The prospect of danger in the Geyser Swirl was not the problem. Danger was nothing new. Anyone who reached a position of power in the Gallimaufries faced danger every day. Chan had received — and given — his share of sudden and violent attacks. His facial scars spoke more of blood and guts than thrown floral bouquets.

Treachery was not the problem, either. You expected to be stabbed in the back, figuratively and literally, by everyone who wanted to get close to the Duke of Bosny. That was fair enough. Hadn’t you done the same thing yourself?

Lies were not the problem. Of course you were lied to; you expected it and you discounted what you were told, no matter the source. Even when people were not trying to lie, their output was usually wrong because some rat-head had given it to them wrong. Over the years you had met a few men and women you could rely on, but no more than you could count on the fingers of one hand. Trying to reach them over the past few days, you learned — not surprisingly — that they were scattered all over. Quality was like a thin veneer on the unfinished rough-cut of the extended solar system.

Even uncertainty was not the problem. You didn’t know where you would land when you passed through the Link Network to the Geyser Swirl, or what you would find there. But what else was new? The only certainties in life were unpleasant ones. Tomorrow was uncertain unless you were sentenced to die tonight. And even that was uncertain. You might be reprieved. You might escape. There might be a war or an earthquake.

Chan helped himself to one more fizz slug.

No. The problem today was not danger, treachery, lies, or uncertainty. Perhaps it was impossibility . The impossibility of things going so wrong, and the questions that raised.

Consider the evidence. Give them half a chance, and humans were likely to do stupid, rash things just for the hell of it, or to save themselves from dying of boredom. No other Stellar Group member was like that. The Tinkers, the Pipe-Rillas, and the Angels — especiallythe Angels — did not take risks. And they applied their safety-first approach to the Link Network. The system itself would not permit the violation of its three Golden Rules:

1. Close is not good enough . Travellers who missed the long, coded sequence of Link settings by a single digit might arrive as thin pink pancakes, or as long, braided ribbons of mangled flesh. Therefore, the settings must pass a multiply redundant checklist, so detailed and foolproof that every black hole in the universe would radiate itself away long before an incorrect sequence would be activated.

2. Know your exit point . Careless travellers who needed to breathe could arrive suitless in hard vacuum.

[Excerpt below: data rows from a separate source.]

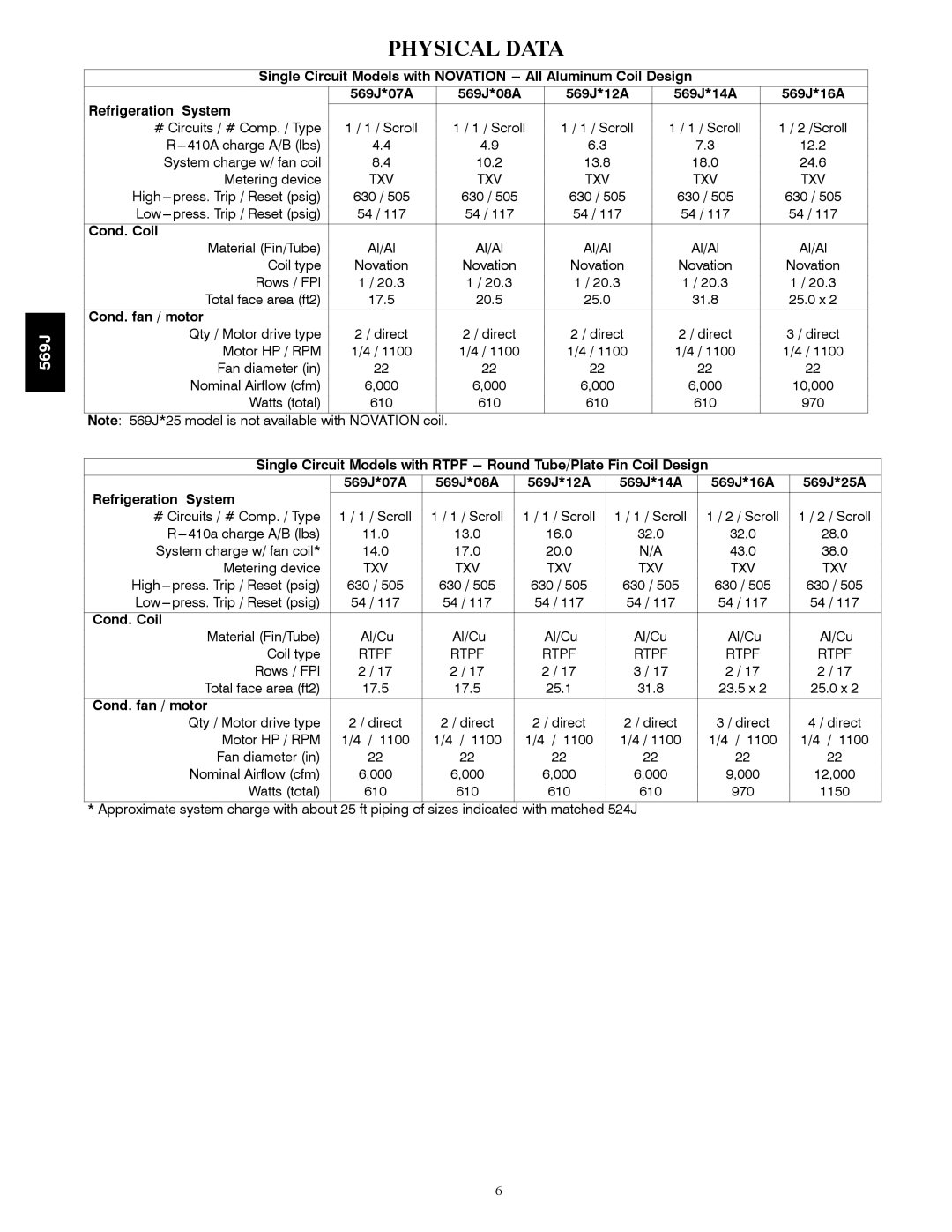 Bryant manual Physical Data, 569J*07A 569J*08A 569J*12A 569J*14A 569J*16A 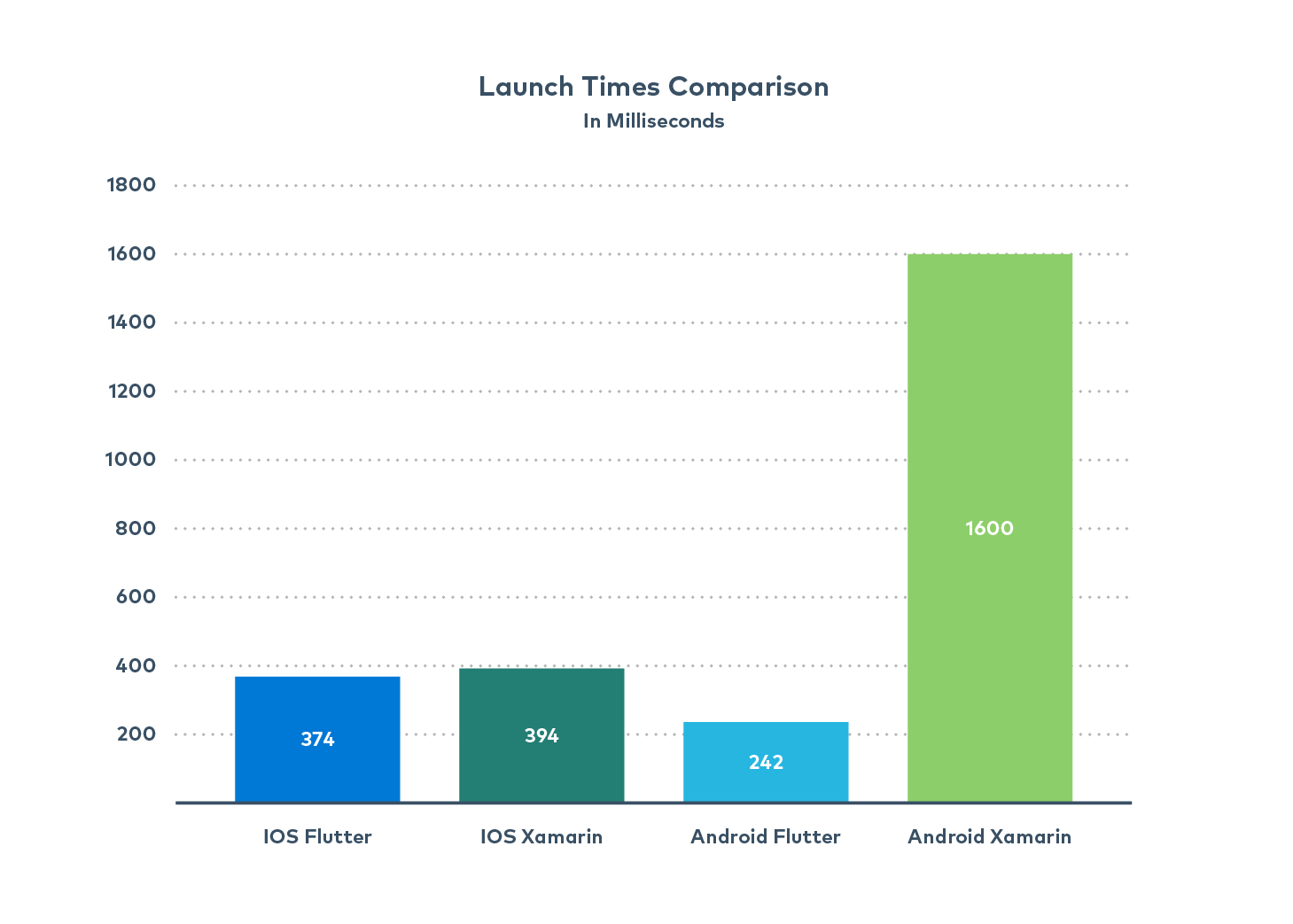 Graphic of a bar chart comparing “IOS Flutter”, “IOS Xamarin”, “Android Flutter”, and “Android Xamarin”. The title of the graph reads “Launch Times Comparison in Milliseconds”.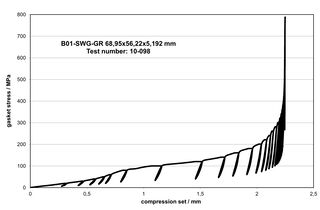 Compressive creep characteristic with a clear point of failure at 105 MPa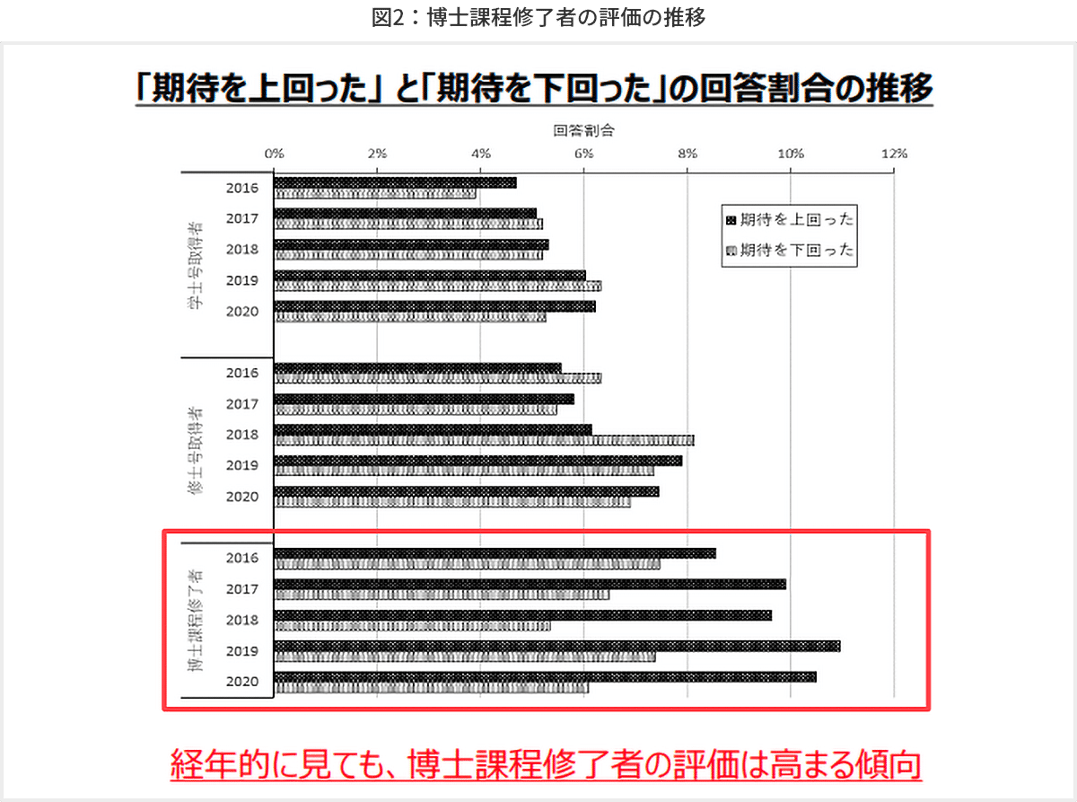 図2 博士課程修了者の評価の推移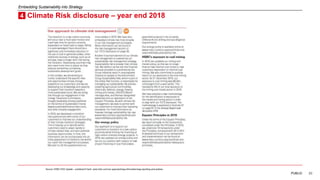 23
Climate Risk disclosure – year end 2018
PUBLIC
Embedding Sustainability into Strategy
4
Source: HSBC ESG Update – published 8 April. www.hsbc.com/our-approach/esg-information/esg-reporting-and-policies
 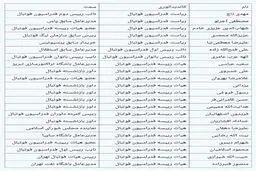 لیست کامل ثبت نام کنندگان در  انتخابات فدراسیون فوتبال؛ جای خالی دادکان، کفاشیان و اسدی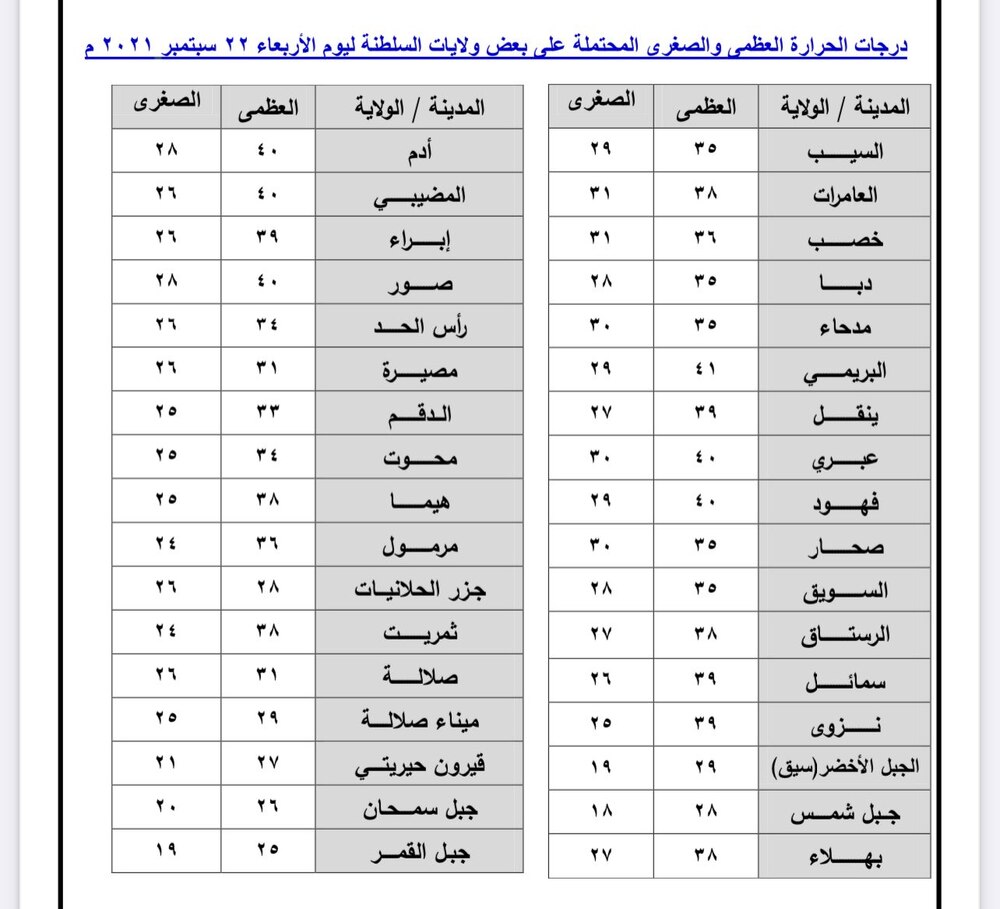 تقرير عن طقس الأربعاء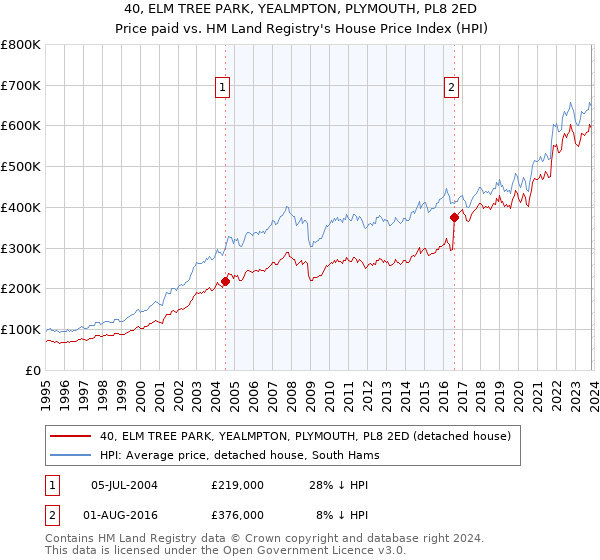 40, ELM TREE PARK, YEALMPTON, PLYMOUTH, PL8 2ED: Price paid vs HM Land Registry's House Price Index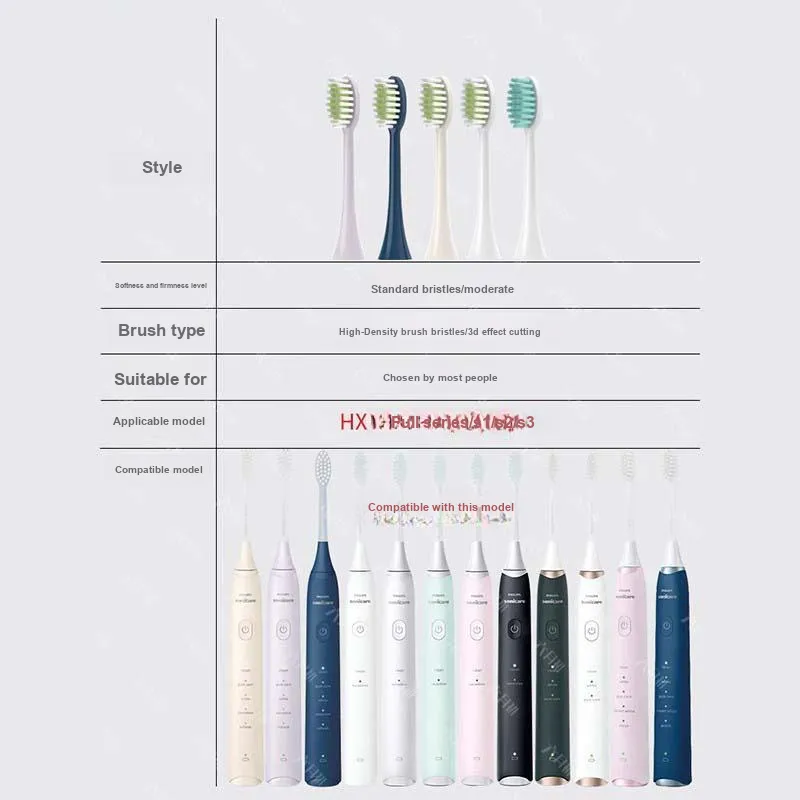 Fly Compatible With Philips S1 Hx2431/HX243L/243W Electric Toothbrush Head-2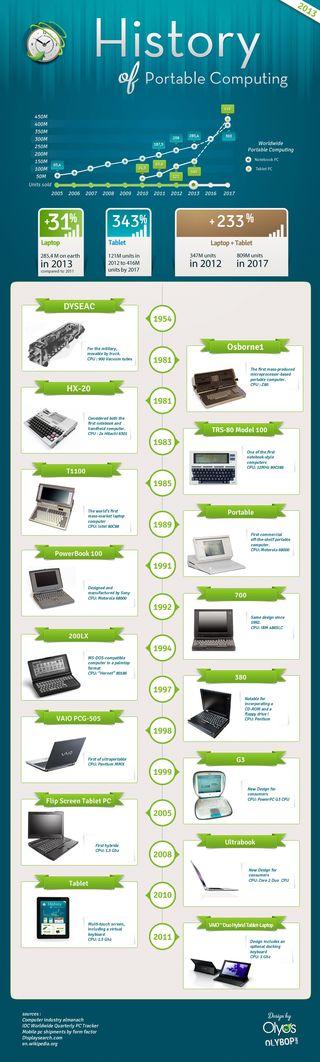 Histoire-ordinateur-portable Histoire-ordinateur-portable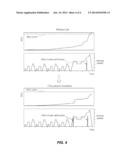 LNT CONTROL METHOD FOR VEHICLE diagram and image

An organism for whom high gravity was instantly fatal might land on the surface of Earth. To prevent those things, the Link checking system was supposed to match traveller life-support needs to destination and refuse to allow inappropriate transfer.

3. Two into one won’t go . A Link arrival point had to be empty before a Link would be initiated. That lesson, too, humans had learned the hard way. A small high-temperature cloud of plasma in orbit near Jupiter marked the simultaneous arrival of two ships at a Sargasso Dump Link exit point.

The Stellar Group applied the safety rules scrupulously. They would have examined the Geyser Swirl Link point closely before sending their first exploration team. And before sending a second team? Chan couldn’t begin to imagine the checking and the rechecking and the triple-checking that must have been done. Undoubtedly, their ships would also have been set up to return through the Network at the first sign of difficulty.